§ **ACTIVITY**
From the records below, print exactly the lines starting at the one containing "Chicken Pad Thai" and ending at the one containing "26SS 나인인더모닝 탑 AMD20R33CELESTE Blue", ends included, and nothing else.

§ **PROVIDED DATA**

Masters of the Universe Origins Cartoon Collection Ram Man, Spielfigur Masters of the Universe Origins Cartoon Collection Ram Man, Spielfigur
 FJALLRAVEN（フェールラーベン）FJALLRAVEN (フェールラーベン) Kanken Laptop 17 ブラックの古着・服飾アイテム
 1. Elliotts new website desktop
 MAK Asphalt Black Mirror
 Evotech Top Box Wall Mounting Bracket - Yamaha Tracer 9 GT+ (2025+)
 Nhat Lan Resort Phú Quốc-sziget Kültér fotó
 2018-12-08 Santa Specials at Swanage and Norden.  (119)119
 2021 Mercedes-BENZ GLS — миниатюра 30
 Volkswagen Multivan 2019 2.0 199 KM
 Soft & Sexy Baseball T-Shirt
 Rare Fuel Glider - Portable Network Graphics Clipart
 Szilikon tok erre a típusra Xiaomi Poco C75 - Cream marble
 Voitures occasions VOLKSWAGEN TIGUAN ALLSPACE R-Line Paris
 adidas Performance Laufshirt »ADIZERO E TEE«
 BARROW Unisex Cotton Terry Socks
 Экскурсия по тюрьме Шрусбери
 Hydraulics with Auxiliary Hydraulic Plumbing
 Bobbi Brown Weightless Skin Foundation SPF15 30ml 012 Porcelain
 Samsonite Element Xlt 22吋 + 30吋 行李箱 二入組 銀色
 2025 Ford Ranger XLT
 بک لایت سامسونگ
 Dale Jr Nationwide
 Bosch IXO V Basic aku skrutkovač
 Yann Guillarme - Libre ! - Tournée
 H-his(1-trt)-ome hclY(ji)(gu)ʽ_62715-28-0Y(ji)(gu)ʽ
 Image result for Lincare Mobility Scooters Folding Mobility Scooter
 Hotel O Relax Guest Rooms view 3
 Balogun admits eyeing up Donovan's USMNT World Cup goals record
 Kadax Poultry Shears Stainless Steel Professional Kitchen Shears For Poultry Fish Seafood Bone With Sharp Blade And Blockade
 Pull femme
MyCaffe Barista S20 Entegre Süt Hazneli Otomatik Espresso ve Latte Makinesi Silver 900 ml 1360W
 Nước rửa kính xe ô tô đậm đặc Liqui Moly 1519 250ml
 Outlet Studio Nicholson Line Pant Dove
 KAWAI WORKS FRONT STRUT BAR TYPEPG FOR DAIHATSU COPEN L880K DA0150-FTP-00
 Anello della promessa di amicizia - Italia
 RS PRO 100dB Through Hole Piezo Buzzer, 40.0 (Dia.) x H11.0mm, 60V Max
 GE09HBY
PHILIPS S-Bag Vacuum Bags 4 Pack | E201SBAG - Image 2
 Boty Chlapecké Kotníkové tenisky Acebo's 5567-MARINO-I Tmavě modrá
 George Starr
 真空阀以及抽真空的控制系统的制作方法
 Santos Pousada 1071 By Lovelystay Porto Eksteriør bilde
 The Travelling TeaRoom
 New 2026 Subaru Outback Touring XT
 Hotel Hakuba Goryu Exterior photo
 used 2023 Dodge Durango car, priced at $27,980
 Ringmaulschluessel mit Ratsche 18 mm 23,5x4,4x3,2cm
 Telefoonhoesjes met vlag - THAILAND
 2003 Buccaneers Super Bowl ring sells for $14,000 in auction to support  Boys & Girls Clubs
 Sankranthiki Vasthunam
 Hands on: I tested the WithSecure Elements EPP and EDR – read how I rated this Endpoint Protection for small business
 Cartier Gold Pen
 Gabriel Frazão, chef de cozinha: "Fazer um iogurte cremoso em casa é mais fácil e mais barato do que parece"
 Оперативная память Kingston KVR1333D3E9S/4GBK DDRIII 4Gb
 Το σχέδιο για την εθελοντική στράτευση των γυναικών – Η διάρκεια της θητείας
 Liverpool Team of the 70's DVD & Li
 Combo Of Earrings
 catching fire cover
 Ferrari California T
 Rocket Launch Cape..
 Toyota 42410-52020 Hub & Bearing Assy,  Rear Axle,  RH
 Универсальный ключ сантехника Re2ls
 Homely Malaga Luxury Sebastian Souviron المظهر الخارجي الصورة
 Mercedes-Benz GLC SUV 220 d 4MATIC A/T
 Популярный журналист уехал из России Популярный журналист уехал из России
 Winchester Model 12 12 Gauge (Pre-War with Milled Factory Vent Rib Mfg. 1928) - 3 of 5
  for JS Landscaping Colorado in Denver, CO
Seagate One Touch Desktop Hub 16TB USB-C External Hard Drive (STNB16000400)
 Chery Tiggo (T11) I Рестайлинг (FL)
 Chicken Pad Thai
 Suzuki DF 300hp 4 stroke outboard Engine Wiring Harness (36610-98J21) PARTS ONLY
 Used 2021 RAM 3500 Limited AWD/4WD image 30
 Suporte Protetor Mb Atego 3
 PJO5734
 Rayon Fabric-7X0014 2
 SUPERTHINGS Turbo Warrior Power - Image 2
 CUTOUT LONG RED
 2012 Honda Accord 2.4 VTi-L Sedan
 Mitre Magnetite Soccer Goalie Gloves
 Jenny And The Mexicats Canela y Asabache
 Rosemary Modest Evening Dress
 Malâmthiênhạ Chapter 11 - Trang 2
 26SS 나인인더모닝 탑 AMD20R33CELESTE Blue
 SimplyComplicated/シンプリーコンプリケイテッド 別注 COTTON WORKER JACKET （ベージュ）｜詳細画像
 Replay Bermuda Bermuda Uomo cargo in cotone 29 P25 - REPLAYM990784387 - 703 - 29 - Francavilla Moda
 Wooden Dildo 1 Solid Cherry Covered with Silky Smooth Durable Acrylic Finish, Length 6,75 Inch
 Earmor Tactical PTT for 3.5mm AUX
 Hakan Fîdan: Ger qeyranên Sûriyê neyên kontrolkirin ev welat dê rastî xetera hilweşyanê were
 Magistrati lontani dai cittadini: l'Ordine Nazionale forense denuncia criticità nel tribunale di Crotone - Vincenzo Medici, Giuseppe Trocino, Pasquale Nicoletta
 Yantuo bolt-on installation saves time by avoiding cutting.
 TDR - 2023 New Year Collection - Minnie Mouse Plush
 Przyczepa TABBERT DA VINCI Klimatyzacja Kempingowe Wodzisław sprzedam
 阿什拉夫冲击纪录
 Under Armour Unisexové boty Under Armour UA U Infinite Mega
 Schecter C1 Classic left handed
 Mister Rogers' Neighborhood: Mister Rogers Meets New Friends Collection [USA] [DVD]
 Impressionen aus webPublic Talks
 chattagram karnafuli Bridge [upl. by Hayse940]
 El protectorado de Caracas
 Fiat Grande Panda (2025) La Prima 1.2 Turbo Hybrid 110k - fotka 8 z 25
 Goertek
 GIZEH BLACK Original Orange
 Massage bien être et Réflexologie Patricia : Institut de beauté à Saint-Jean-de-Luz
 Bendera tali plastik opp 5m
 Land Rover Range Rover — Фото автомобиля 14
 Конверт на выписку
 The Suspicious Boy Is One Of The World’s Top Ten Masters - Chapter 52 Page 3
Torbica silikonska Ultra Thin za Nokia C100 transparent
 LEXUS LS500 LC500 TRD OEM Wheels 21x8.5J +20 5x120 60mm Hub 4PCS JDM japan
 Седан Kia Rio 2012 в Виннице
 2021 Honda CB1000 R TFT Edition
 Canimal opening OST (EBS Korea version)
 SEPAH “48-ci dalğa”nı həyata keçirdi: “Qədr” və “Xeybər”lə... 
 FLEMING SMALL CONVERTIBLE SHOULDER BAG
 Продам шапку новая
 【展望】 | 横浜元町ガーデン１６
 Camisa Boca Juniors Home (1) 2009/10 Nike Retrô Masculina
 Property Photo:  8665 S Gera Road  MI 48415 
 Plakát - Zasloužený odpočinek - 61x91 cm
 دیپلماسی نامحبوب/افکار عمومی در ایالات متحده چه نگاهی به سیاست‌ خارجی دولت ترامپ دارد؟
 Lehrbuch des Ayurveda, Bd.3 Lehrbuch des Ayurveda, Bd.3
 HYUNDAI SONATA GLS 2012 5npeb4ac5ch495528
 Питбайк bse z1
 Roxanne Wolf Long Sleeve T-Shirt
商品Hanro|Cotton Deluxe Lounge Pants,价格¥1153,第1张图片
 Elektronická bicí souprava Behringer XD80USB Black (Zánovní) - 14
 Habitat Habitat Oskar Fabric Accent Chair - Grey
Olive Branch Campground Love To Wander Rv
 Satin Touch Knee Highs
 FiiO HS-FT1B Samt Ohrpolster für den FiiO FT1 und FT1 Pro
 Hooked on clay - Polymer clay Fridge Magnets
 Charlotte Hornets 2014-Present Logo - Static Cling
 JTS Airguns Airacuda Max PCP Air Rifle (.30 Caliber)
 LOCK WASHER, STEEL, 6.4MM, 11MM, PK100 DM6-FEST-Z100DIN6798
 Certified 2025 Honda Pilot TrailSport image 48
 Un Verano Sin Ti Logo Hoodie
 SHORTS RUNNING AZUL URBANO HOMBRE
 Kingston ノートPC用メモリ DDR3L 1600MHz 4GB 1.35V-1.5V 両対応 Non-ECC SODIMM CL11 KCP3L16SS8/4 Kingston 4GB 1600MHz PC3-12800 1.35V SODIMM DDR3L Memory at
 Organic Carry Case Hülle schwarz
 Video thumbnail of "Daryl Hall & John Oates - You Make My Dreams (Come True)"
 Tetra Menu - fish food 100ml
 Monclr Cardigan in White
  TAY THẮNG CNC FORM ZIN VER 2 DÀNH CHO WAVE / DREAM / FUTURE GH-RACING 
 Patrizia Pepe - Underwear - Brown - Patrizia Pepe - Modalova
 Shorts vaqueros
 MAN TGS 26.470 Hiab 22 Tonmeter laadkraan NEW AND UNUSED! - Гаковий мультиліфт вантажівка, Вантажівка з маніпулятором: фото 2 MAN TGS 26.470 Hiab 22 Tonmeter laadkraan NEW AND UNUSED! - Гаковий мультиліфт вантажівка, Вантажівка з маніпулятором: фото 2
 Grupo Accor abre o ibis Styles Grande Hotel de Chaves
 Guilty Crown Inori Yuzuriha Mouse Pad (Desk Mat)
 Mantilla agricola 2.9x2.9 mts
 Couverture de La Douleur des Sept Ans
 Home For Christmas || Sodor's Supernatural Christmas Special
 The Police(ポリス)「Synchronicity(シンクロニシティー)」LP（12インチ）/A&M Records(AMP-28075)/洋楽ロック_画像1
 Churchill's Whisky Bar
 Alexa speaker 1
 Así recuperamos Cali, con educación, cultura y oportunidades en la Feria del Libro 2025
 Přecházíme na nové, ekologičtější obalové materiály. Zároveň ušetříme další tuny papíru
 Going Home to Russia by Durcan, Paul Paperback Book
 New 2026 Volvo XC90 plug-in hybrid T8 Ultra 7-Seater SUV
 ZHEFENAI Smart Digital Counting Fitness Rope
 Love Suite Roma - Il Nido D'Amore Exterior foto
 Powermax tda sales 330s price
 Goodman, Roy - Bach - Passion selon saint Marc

§ **WRITTEN SOLUTION**
 Chicken Pad Thai
 Suzuki DF 300hp 4 stroke outboard Engine Wiring Harness (36610-98J21) PARTS ONLY
 Used 2021 RAM 3500 Limited AWD/4WD image 30
 Suporte Protetor Mb Atego 3
 PJO5734
 Rayon Fabric-7X0014 2
 SUPERTHINGS Turbo Warrior Power - Image 2
 CUTOUT LONG RED
 2012 Honda Accord 2.4 VTi-L Sedan
 Mitre Magnetite Soccer Goalie Gloves
 Jenny And The Mexicats Canela y Asabache
 Rosemary Modest Evening Dress
 Malâmthiênhạ Chapter 11 - Trang 2
 26SS 나인인더모닝 탑 AMD20R33CELESTE Blue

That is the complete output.